In this work we will defend the enactive approach by exploring the critical role morphology plays in artificial systems. The structure of this work is as follows. First we will point out the benefits of the enactive approach. We will then explore the (in)compatibility between the embodied view and the multiple realizability of mental processes, digging into the debate between two different readings of the embodied perspective, a functionalist and a reductionist one. We will illustrate our explanation with a thought experiment (a robot computing the XOR function courtesy of its morphology), concluding that the functionalist stance does not really match with the enactive view. This thought experiment serves us as the inspiration for our own proposal: three robots that compute XOR courtesy of their morphology. Previous to introducing the robots, we will review our preceding research that constituted our first approximation to the possibility of morphology playing a role in computation.

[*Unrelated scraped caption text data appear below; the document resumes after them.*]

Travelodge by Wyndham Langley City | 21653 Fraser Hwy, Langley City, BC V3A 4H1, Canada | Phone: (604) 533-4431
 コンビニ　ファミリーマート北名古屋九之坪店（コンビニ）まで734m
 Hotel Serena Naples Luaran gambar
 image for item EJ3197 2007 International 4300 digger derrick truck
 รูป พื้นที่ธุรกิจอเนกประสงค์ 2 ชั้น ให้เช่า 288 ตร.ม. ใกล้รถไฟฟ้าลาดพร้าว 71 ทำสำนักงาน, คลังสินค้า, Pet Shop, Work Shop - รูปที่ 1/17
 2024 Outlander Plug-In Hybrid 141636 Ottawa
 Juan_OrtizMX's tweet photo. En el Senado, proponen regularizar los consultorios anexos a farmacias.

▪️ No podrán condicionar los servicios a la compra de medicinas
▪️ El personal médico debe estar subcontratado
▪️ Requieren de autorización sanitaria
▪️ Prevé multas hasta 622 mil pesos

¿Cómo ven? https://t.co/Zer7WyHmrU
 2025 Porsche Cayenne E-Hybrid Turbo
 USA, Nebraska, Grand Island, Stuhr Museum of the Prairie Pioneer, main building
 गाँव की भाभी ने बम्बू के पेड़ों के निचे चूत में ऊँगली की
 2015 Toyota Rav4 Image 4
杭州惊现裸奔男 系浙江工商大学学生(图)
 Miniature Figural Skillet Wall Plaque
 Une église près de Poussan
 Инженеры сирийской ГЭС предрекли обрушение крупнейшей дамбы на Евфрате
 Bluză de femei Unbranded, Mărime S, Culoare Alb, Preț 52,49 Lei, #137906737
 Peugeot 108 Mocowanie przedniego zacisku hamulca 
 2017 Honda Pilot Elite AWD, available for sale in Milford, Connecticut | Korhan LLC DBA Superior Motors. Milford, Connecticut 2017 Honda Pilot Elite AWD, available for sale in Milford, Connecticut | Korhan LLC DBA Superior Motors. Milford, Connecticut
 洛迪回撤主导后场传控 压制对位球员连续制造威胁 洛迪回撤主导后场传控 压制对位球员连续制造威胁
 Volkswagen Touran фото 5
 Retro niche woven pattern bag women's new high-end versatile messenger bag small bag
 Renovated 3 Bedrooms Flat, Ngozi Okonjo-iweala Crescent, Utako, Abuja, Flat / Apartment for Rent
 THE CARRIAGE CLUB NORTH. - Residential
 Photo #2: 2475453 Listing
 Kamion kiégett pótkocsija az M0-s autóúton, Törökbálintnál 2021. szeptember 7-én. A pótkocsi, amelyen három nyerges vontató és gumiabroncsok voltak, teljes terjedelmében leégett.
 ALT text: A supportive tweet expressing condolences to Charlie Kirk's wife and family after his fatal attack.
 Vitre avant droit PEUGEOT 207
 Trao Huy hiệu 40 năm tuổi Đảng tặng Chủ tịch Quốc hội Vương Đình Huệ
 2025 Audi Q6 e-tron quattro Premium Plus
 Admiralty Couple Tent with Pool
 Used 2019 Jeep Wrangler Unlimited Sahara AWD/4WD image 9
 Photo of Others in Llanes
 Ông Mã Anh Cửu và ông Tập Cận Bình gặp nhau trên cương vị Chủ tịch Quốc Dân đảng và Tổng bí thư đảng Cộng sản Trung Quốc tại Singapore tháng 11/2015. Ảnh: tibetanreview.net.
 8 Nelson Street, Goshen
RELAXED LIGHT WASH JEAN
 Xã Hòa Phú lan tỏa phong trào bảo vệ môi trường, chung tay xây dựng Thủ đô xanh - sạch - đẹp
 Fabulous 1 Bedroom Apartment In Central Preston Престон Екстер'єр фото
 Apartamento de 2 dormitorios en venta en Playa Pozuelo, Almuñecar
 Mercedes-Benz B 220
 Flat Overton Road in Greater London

2. The quest for enactive AI
Despite the fact that philosophers like Dreyfus (Dreyfus 1972; 1992) are convinced of an impossible gap between living and artificial beings that makes an activity like AI impossible, one can reverse the line of thought and attempt to discover if and how these key characteristics of living beings can be reproduced in artificial systems, either by means of simulations or robotics. This is what the enactive paradigm tries to understand. Following Froese and Ziemke (2009) we can state two main systemic requirements in order to be able to speak of enactive AI: autonomy and adaptativity. Despite mysterious claims (Flanagan 2009) these two properties are not beyond scientific and philosophical analysis and are not restricted to the realm of living beings, and can be satisfied in an artificial system.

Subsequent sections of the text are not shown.